Knowing all this to be ridiculous, and yet feeling like it was true with every fiber of my being, I was still really nervous about my first Single Adults’ activity. It was just a simple little picnic dinner in the park on Memorial Day where we could mix and mingle, but I still spent an hour picking out my outfit. What if my one day future husband was there? I didn’t want him to see me for the first time looking like the princess of drab!
Finally I picked out a skirt and black top, a mix of casual and classy, and set out with some gal pals to the picnic. The other funny thing about Single Adult groups is that the ages range from “I just graduated high school” to “I’m about to get my PHD and start my life career”. So when I first arrived all I could see was how much more facial hair and muscle all the guys had compared to the boys I was used to seeing. I felt like 5 year old trying to play grown up.
Luckily my bestie Jessica came and pulled me out of my awkward shell.
“Miranda, let’s make it a goal to meet as many people as we can tonight,” she said as we passed by three guys talking together. She immediately turned to me and half whispered, “what about them?”
“I don’t know. They’re too attractive,” I said hesitantly. As mean as it makes me for saying it, it’s definitely easier to talk to boys who weren’t . . .as physically blessed. Pretty boys in general make me feel inferior.
“They didn’t seem THAT cute,” she insisted. As I looked at her and how confident she was, I knew that that was what I wanted and decided to go for it.
“If you walk up to them I’ll follow,” I told her. So she did, and was right there along with her, talking to these three guys I’d never met before.
It turned out that we happened to be extremely lucky on the first shot! All three of them were nice guys and were easy to talk to. Though they were all awesome, there was one in particular that I liked talking to, and even better than that, he actually seemed to like talking to me. Rather having me ask all the questions he actually asked about my life and seemed genuinely interested in what I said. What girl doesn’t love it when that actually happens? It also didn’t hurt that he had the most adorable freckled face.
I found out he had recently gotten back from his mission - a religious calling that lasts two years - in England, which gave us something to talk about. I asked him what he liked about Europe and shared that I’d lived in France for a year. It was nice how easy it was to chat with him, and i don’t mean to sound creepy or anything, but he had a great smile.

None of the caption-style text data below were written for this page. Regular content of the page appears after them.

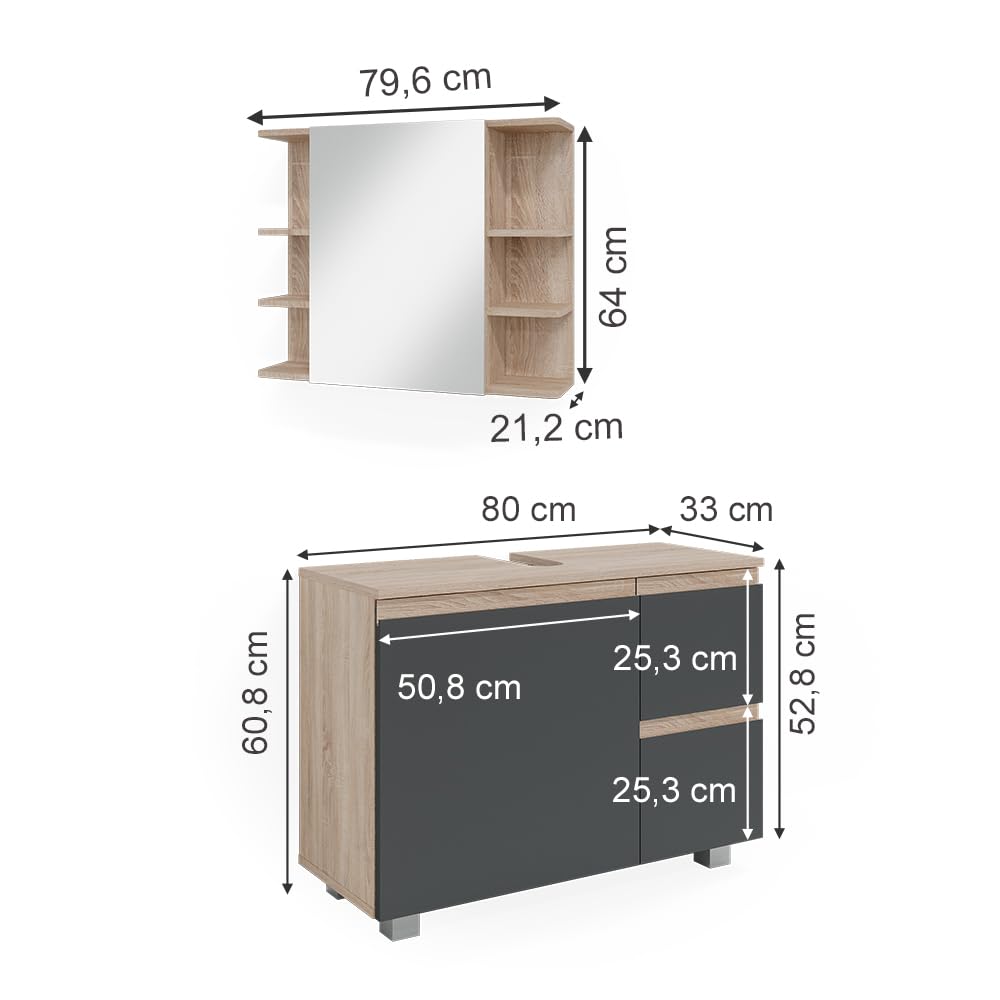 Vicco Set mobili bagno J-Shape, Sonoma, 80 cm, composto da specchio da bagno e mobile sottolavabo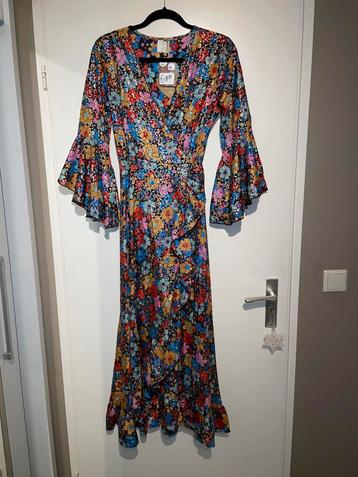 Purple queen flower bloemen maxi overslag jurk dress mt M T2 beschikbaar voor biedingen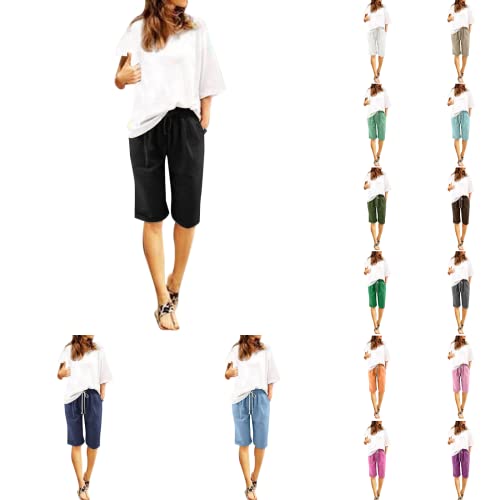 Leinenshorts Damen Boho Knielang mit Tunnelzug Kurze Hose Leinen Bermuda...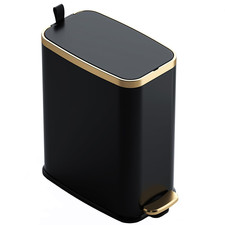 CEROELDA Small Bathroom Trash Can with Lid Soft Close-5L/1.3 Gal Slim Garbage Ca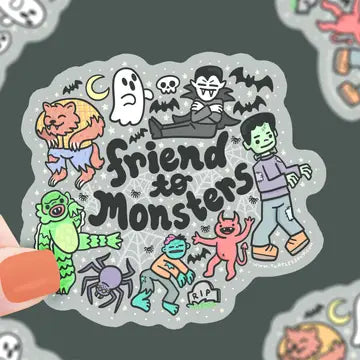 Friend to Monsters Halloween Vinyl Sticker - Game On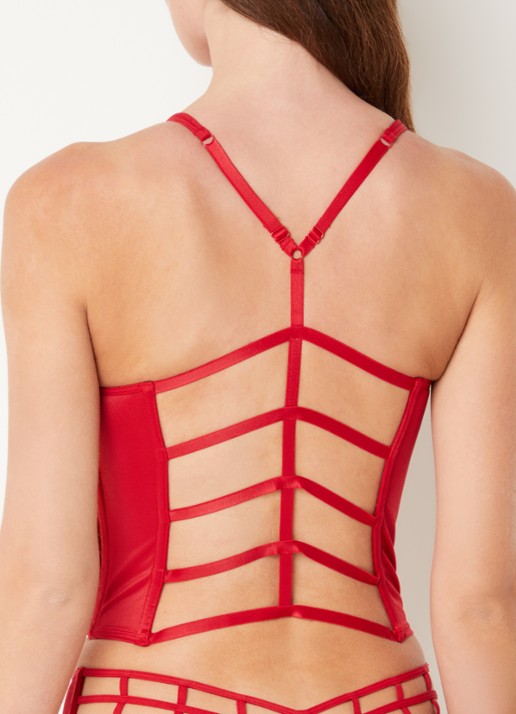 Marlies Dekkers Voorgevormde balconette bustier met beugel - achterkant rood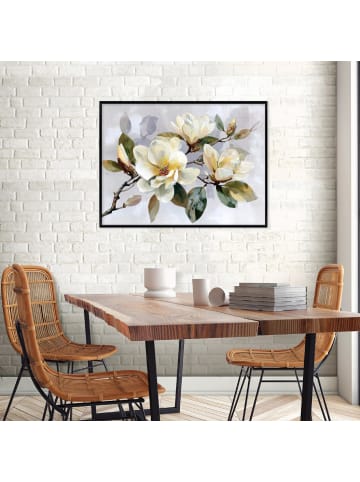 WALLARENA Bild mit Rahmen Blumen in Grau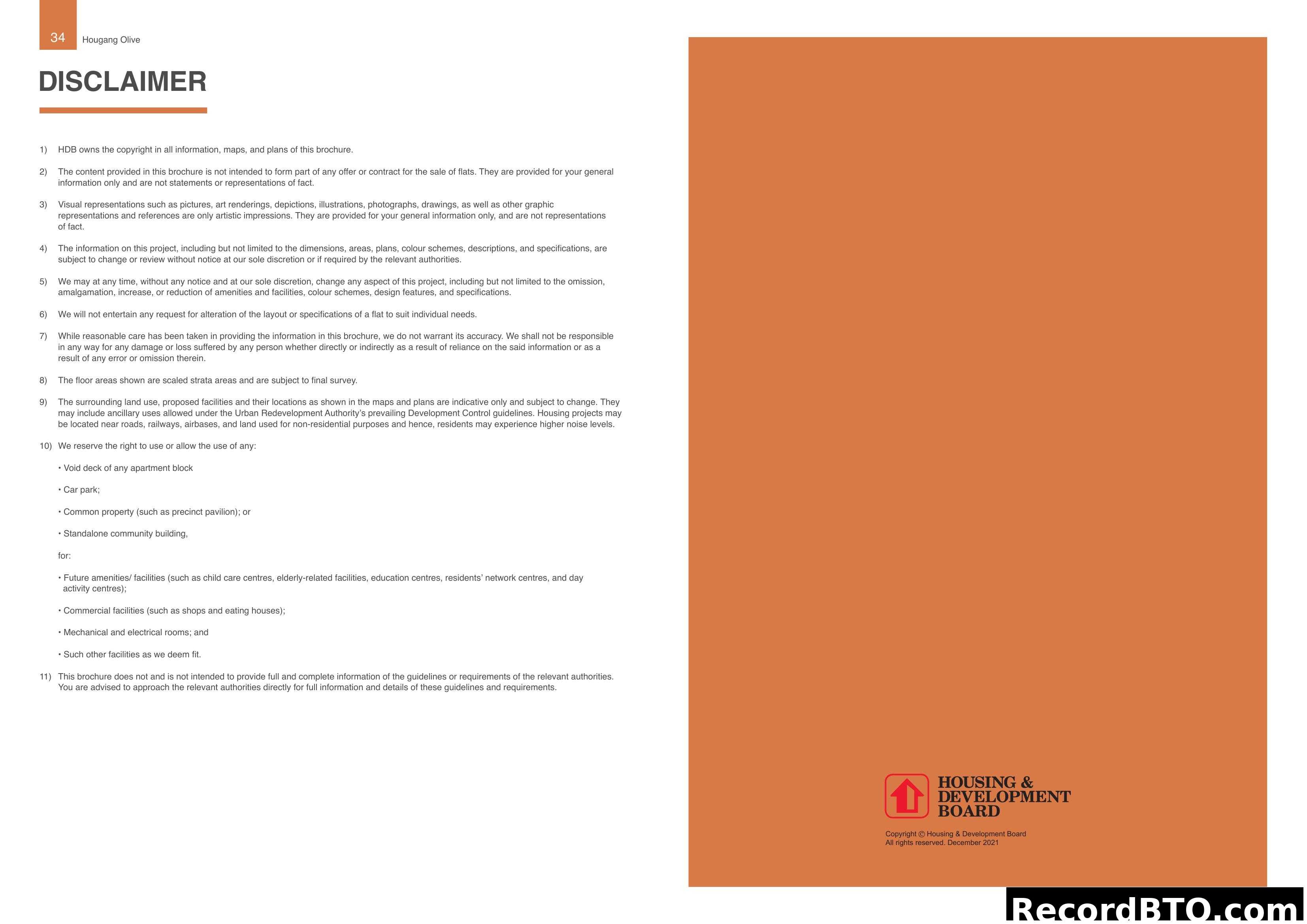 Hougang Olive Disclaimer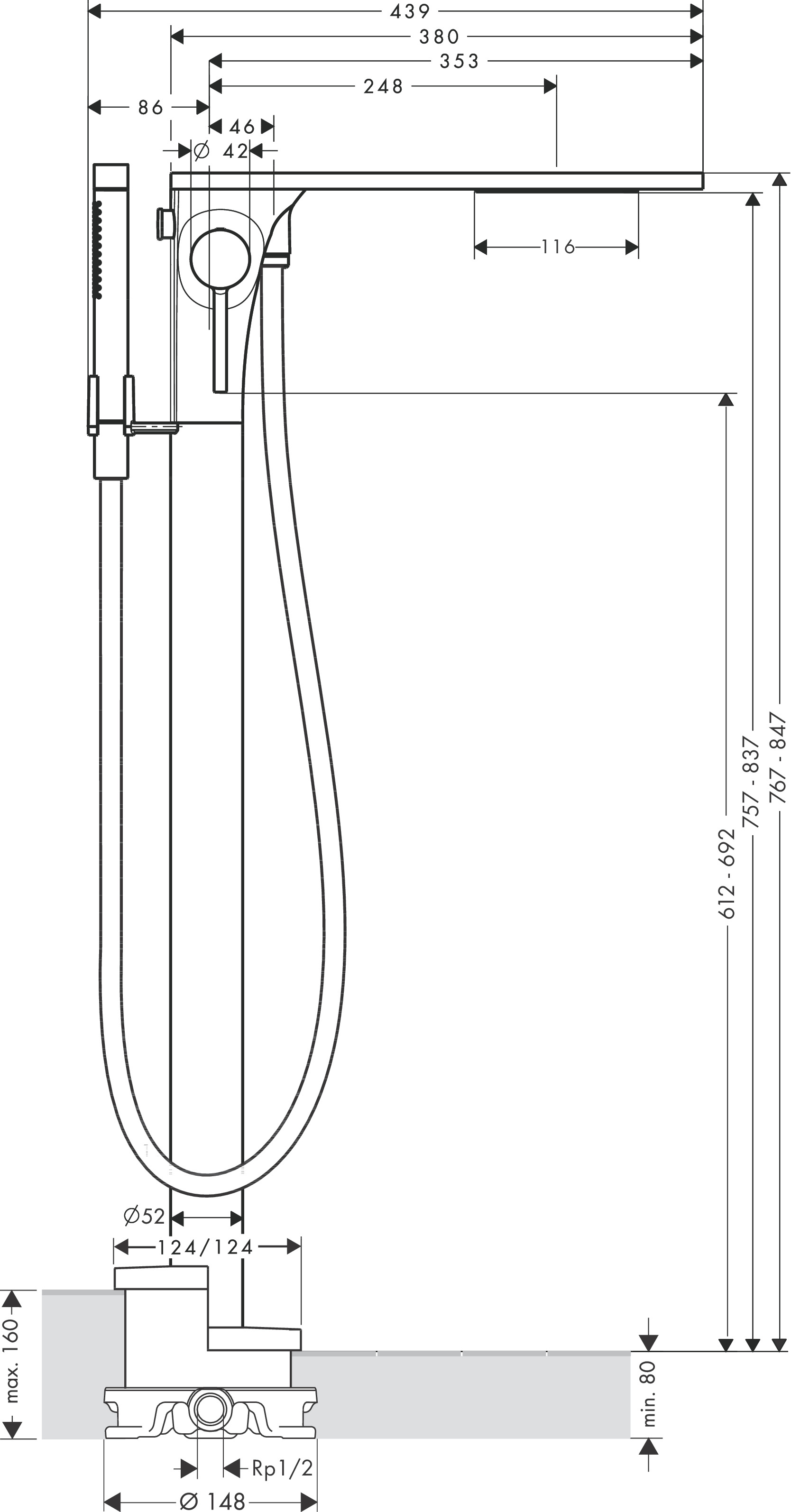 Hansgrohe Wannenmischer Axor Massaud Fertigset BBC zur Bodenmontage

Later, after having been pulled away from them, Jessie pointed out what a cute couple we’d be! So naturally I spent the rest of the night thinking about him and wishing I’d gotten his number. I was still thinking about it as I drove back with my friend Caroline.
“Maybe I’ll meet him at another thing and I’ll get his number then,” I remarked.
“Maybe,” she said.
“Do you think I’m too young for him?” I asked, which was weird for me since I’m usually worried about looking too much older than I am.
“No, this is the time to get married Miranda, you won’t be like this forever. Soon we’ll be too old and who will want marry us then?” she joked, laughing, “And, actually, this could be the perfect time. ‘Cause return missionaries feel pressure to get married when they first come back.”